Short text fragments from websites
────────────────────
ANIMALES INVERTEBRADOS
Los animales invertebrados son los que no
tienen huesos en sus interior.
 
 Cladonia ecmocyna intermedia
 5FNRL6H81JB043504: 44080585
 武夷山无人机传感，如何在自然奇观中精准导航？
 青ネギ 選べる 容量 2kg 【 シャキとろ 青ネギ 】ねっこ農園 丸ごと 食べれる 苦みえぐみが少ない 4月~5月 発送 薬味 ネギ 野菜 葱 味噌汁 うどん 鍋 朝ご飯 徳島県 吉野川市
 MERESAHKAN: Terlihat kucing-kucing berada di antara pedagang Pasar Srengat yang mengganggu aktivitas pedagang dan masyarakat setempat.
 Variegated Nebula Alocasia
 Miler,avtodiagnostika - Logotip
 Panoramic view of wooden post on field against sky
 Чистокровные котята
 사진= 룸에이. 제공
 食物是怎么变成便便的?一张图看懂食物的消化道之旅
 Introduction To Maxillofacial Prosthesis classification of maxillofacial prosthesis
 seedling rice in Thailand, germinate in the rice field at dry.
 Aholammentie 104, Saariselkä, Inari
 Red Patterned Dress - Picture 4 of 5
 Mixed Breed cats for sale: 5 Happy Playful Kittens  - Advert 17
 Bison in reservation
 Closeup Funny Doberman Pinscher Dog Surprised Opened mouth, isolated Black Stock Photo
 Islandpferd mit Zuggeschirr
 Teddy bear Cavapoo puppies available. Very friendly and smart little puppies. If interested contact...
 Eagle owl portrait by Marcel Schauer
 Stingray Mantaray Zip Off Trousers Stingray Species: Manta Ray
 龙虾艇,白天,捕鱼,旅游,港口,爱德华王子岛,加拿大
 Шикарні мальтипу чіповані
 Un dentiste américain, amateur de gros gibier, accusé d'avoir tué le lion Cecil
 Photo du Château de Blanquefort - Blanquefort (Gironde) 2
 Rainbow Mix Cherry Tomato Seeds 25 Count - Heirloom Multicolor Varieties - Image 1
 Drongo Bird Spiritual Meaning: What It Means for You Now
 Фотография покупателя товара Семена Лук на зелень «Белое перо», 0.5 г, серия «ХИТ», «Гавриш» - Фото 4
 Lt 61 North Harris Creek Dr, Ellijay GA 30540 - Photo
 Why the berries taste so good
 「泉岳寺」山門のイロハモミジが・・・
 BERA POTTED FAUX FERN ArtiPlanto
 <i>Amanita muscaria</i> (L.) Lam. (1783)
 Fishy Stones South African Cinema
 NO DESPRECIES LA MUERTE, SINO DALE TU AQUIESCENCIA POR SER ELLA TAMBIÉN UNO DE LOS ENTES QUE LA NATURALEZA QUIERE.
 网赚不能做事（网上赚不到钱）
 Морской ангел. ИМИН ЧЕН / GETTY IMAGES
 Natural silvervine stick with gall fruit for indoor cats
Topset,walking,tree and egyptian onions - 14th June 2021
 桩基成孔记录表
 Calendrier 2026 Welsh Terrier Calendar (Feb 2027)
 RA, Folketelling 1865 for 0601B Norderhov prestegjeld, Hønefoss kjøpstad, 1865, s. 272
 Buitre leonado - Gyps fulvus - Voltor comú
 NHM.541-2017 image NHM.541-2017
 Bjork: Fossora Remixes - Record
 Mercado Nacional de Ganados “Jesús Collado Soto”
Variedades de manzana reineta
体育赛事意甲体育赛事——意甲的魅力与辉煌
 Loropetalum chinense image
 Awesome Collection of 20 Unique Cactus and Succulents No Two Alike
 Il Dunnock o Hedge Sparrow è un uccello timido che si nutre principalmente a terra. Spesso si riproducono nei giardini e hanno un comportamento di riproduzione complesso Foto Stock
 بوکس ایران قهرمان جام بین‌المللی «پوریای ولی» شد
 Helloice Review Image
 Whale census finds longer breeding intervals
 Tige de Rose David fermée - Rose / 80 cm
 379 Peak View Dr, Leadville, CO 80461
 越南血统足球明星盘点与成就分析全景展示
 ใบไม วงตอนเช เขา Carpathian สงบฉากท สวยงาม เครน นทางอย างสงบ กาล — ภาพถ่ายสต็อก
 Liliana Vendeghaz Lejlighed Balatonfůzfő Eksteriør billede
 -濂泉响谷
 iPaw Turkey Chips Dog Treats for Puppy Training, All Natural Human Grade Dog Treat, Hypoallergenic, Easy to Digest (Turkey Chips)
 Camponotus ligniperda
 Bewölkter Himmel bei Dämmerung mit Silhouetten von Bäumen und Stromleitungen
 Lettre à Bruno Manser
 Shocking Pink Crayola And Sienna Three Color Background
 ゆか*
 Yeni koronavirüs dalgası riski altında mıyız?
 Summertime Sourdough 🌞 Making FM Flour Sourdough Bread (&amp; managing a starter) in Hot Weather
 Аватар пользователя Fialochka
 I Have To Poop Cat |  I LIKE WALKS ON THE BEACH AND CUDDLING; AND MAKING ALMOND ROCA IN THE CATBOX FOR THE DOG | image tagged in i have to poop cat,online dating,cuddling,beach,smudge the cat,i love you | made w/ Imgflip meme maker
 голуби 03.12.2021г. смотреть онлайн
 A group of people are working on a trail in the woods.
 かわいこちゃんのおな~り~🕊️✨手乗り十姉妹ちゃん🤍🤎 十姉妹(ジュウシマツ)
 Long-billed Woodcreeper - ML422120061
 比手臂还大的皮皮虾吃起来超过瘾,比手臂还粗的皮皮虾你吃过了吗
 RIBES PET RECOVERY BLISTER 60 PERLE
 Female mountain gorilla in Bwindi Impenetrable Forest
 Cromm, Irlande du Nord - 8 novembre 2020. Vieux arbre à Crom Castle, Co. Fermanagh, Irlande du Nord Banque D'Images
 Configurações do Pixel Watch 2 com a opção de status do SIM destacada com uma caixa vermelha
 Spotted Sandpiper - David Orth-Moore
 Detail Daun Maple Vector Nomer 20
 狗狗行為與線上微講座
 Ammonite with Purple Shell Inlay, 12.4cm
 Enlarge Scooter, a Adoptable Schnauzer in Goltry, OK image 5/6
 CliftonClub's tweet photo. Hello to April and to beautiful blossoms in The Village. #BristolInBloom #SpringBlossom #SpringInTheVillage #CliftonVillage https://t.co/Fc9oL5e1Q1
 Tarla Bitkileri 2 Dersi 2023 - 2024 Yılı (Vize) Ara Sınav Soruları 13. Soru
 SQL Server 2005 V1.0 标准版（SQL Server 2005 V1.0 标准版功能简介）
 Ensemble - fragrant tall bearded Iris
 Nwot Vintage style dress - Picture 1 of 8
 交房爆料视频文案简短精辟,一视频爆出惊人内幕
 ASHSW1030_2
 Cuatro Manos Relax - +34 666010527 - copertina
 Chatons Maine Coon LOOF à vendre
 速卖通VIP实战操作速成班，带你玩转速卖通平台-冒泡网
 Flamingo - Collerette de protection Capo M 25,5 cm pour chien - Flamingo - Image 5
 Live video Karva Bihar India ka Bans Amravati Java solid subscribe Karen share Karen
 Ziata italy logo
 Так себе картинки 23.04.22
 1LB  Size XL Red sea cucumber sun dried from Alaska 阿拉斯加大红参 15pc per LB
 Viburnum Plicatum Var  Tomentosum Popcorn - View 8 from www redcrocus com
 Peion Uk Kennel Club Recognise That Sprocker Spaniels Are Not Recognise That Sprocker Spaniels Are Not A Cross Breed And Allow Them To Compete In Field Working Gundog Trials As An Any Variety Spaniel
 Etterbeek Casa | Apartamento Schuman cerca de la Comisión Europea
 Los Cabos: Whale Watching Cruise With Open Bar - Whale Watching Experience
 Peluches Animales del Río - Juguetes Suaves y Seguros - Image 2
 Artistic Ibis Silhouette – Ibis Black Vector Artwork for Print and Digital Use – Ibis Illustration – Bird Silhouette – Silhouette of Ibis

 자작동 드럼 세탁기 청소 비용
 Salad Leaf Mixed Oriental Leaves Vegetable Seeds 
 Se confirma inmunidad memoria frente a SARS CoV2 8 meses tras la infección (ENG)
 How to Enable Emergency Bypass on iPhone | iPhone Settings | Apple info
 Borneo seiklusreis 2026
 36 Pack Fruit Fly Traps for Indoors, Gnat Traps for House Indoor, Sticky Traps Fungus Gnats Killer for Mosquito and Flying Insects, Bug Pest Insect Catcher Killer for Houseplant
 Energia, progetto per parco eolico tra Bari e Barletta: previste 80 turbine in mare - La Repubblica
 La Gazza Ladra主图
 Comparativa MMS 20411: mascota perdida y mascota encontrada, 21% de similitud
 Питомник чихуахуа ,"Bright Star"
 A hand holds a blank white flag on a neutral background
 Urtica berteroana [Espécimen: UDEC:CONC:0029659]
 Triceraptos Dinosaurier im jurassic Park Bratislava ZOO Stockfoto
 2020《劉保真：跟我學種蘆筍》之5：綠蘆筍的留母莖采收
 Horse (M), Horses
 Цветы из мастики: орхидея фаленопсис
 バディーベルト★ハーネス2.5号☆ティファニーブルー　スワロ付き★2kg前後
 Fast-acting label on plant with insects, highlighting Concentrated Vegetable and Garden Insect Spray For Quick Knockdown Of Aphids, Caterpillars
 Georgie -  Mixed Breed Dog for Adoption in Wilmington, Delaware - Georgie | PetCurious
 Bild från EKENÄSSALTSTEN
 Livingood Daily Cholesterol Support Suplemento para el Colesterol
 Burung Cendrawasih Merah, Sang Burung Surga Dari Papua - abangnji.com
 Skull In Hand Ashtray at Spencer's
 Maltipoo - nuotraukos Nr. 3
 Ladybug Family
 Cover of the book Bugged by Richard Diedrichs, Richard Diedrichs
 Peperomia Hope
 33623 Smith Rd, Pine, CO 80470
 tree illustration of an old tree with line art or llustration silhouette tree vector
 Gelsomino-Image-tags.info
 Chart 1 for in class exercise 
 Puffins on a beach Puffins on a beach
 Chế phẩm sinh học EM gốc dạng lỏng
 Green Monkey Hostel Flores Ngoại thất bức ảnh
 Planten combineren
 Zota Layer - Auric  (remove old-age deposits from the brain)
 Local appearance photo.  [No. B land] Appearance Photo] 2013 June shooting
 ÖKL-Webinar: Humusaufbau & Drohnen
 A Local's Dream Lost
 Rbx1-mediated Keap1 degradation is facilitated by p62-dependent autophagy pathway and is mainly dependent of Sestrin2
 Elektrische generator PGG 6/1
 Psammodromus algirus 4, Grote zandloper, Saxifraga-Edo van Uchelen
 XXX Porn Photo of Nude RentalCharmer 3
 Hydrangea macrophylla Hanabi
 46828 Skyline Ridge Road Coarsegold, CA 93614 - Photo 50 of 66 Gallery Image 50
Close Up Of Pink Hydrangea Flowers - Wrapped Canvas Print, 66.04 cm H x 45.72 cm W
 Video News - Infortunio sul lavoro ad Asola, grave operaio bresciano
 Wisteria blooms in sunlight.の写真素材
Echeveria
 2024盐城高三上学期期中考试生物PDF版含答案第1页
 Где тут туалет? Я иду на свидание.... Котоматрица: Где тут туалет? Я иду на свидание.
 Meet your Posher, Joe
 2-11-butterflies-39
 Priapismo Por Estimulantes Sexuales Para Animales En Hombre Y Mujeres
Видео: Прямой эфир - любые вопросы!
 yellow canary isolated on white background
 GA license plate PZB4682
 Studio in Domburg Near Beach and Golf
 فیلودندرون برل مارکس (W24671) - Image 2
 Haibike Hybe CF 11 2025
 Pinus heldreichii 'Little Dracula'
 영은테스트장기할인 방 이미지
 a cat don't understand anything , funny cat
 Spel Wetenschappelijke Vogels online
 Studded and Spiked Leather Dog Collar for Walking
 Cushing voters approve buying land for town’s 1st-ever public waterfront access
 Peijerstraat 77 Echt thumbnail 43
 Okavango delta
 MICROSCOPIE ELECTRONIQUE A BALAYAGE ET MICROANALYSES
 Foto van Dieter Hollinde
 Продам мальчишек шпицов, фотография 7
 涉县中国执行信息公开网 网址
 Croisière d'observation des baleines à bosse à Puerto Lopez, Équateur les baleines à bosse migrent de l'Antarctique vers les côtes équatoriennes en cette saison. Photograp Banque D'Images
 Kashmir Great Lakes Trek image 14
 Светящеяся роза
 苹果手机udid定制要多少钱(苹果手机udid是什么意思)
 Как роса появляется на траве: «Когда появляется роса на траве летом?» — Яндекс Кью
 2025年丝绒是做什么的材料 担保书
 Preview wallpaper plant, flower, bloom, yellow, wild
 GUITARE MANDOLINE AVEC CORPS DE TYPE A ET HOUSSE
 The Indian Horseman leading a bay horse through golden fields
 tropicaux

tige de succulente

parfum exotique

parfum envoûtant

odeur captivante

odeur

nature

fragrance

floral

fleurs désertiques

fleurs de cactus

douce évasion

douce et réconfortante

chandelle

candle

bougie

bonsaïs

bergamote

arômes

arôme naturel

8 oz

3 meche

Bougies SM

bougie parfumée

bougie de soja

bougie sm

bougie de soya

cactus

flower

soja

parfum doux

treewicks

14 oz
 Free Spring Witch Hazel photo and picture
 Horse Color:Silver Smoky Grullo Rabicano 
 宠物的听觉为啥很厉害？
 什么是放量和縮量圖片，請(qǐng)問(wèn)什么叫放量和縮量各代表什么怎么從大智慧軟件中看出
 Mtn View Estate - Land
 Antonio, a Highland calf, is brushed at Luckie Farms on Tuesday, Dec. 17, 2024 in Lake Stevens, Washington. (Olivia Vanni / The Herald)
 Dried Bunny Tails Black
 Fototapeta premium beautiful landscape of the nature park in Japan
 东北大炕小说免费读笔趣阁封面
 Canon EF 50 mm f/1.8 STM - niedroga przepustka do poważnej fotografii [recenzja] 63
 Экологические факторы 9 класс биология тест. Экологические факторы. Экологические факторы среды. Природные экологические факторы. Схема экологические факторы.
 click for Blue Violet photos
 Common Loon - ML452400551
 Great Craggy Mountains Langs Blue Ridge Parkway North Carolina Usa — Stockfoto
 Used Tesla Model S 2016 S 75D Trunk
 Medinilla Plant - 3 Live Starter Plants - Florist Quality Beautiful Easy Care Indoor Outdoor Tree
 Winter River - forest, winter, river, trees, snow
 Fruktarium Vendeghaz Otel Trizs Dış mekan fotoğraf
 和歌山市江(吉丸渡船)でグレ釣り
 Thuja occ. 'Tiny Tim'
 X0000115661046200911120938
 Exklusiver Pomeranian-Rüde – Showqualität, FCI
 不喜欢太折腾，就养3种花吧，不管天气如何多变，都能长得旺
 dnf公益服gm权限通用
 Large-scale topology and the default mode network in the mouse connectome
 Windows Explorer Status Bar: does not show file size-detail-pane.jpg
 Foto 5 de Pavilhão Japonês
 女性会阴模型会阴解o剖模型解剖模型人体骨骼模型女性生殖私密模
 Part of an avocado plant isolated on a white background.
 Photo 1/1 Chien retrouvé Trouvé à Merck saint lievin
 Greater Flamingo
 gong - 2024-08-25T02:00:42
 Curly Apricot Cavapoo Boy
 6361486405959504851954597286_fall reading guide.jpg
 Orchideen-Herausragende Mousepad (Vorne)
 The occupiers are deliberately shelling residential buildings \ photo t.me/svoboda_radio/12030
────────────────────
■ Aim of the exercise ■
Where a line in the records above contains the string "Vendeghaz", return that line.

■ Answer to this problem ■
 Liliana Vendeghaz Lejlighed Balatonfůzfő Eksteriør billede
 Fruktarium Vendeghaz Otel Trizs Dış mekan fotoğraf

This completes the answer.